On est toujours mieux servi que par soit même…
 
La grande nouveauté se trouve donc dans la forme du film qui cette fois-ci fut tourné en caméra DV. Lynch à découvert depuis peu les joies du numérique et en est devenu le plus farouche défenseur. En effet, le réalisateur à particulièrement apprécié les libertés artistiques que pouvait lui offrir l’utilisation de la DV : il a lui-même cadré les plans, fait la prise du son, le montage, le mixage sonore, la distribution (la phrase « un film de… » n’a jamais été aussi bien employé)… bref Lynch a adoré le fait de pouvoir participer à toutes les étapes de créations d’une œuvre cinématographique, au point qu’il a annoncé d’abandonner définitivement l’utilisation du 35 mm. Comme le propos de son film semble évoquer, le cinéma tel que nous le connaissons, serait révolu (selon Lynch) et doit faire place à une nouvelle ère, celle du numérique donc. Un choix qui peut décevoir les amateurs d’images léchées (comme moi) auxquelles nous avait habitué le cinéaste mais il faut avouer que l’image crapoteuse et granuleuse de la caméra numérique trouve naturellement sa place dans l’ambiance hallucinatoire et cauchemardesque du film.
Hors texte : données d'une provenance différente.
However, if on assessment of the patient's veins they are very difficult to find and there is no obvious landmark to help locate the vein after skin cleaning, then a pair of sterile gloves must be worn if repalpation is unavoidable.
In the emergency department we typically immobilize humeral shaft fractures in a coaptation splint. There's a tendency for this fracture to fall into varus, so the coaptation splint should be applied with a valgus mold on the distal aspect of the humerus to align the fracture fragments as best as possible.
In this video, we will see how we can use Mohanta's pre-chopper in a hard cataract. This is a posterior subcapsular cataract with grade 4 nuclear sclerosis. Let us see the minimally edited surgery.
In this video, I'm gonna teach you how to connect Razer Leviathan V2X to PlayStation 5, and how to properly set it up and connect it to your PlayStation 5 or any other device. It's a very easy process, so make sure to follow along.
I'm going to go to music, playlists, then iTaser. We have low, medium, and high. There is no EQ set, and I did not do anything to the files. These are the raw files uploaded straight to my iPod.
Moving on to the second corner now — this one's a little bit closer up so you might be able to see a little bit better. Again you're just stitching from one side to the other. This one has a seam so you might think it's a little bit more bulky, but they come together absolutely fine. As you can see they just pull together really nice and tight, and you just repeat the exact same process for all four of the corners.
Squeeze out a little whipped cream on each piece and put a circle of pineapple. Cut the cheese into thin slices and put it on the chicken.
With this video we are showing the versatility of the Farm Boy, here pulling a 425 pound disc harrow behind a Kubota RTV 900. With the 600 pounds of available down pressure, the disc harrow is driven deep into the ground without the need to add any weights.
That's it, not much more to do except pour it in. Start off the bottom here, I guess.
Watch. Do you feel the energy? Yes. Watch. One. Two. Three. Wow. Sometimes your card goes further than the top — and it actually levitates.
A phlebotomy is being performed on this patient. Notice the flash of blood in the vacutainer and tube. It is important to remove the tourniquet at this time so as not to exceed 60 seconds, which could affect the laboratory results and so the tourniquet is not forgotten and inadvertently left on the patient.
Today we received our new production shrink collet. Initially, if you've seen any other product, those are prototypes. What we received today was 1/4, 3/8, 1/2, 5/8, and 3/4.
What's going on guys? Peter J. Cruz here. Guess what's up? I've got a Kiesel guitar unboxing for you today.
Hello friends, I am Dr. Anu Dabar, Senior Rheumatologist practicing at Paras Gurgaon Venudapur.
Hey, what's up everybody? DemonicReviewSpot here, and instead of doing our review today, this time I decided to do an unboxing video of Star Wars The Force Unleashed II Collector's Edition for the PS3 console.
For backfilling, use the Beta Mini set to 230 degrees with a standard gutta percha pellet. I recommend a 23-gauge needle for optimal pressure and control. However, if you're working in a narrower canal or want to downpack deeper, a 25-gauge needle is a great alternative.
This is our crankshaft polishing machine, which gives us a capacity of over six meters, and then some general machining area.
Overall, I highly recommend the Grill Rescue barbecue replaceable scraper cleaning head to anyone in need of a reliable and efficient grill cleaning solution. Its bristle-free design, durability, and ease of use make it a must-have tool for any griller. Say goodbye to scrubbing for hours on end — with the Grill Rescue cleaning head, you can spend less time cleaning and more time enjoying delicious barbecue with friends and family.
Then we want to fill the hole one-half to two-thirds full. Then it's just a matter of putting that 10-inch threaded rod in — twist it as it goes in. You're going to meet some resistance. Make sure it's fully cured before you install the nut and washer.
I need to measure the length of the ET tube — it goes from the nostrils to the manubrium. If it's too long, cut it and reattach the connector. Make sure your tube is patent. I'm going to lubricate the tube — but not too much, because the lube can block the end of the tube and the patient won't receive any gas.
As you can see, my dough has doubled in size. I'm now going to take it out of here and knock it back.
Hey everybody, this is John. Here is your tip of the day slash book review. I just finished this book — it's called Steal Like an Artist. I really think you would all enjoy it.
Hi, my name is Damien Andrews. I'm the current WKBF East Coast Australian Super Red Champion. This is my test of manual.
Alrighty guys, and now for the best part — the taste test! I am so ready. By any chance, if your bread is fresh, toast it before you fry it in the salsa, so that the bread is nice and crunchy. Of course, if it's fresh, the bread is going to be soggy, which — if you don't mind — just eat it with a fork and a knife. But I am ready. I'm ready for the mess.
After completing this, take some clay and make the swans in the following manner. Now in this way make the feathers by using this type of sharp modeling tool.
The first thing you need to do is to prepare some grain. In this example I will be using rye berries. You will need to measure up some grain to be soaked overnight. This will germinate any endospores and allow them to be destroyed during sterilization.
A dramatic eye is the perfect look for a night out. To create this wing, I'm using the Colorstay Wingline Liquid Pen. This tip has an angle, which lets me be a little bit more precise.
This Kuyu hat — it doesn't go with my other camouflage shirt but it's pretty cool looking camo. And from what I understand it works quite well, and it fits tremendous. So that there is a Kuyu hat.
Si elle confère parfois un côté cinéma amateur (repoussant), elle amplifie également par son aspect « sale » le mal être et l’angoisse du spectateur (j’ai failli me pisser dessus à un moment). A la fois stagnant et évolutif, intriguant et répulsif, novateur et répétitif, Inland Empire est une déception autant qu’une réjouissance de la part de son metteur en scène. On espère seulement que la prochaine fois, Lynch saura utiliser de manière complètement nouvelle et originale son support et faire évoluer son cinéma vers de nouveaux horizons. Une œuvre « mineure » dans la carrière de Lynch mais indubitablement intéressante (à part le final qui est un grand n’importe quoi) et qui risque de s’améliorer au fil des visionnages.
 
Pour faire court : Une nouvelle plongée dans les méandres de l’âme humaine par l’inégalable David Lynch. Un cauchemar éveillé, certes trop long, où l’auteur semble stagner dans sa réflexion mais l’expérience vaut la peine d’être vécue.